A group of Stanford graduate students has set out to change that by visiting individual schools with a truck — the SparkTruck — full of materials for building. The idea is to inspire kids to connect their brains and their hands for their own good, be it self-confidence or exploration of a career in engineering.
Why do these Stanford prodigies believe that working with one’s hands is so important? First, skilled labor is an avenue to secure jobs that desperately need workers. Second, building and creating is one of the best ways to engage students. Shop class provides skills for life and can help students decide early on if a vocational school is a better choice than college.

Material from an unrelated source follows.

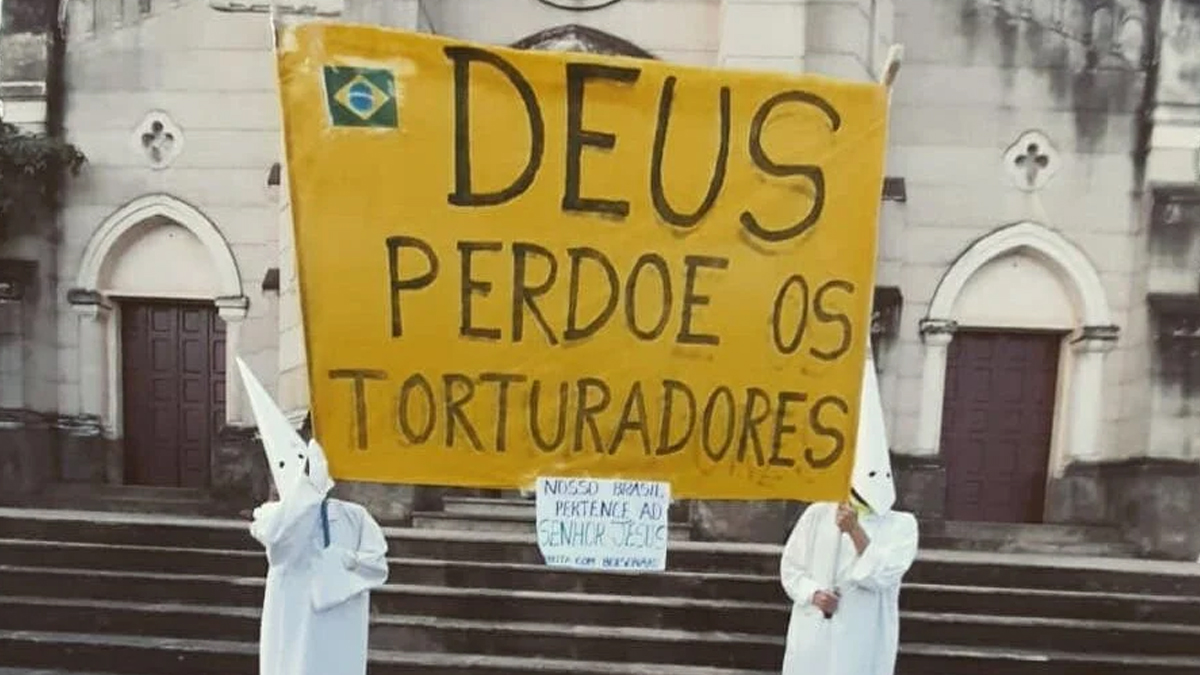 "Afronta à sociedade vilaboense", diz prefeito sobre atos em favor de torturadores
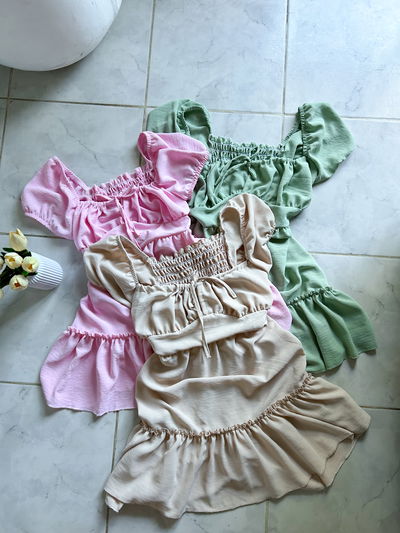 Vestido Delfina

Tara Tiger Brown, contributor to Forbes, notes that kids are missing out on a huge opportunity:
With all the money that is poured into high school sports teams you would think that every kid was going to turn into a professional player. Without early exposure to shop class many kids are going to lose out on the opportunity to discover whether or not they like making things, and the inclination to pursue a career as a drafter, carpenter, welder or auto mechanic. Statistically speaking there is a greater chance that a kid will become employed as a tradesperson than ever becoming a professional sports player. Skilled laborers are essential and are not limited to stereotypical jobs as plumbers (although that is critical profession). Companies such as Boeing and Northrop Grumman are struggling to find skilled laborers and that trend is going to continue.
College and shop class are no longer mutually exclusive, and it’s time that educators recognize the true value of teaching skills that enable students to work with their hands, whether to build a wooden chair or repair electricity-generating wind turbines.
It’s no surprise that the SparkTruck team is quickly gaining in popularity. Jobs of the future will depend on thinkers and creators who remember the old adage, “Measure twice, cut once.” Hopefully, colleges will be taking a new approach to this old subject as the SparkTruck team continues to wake up students all over America.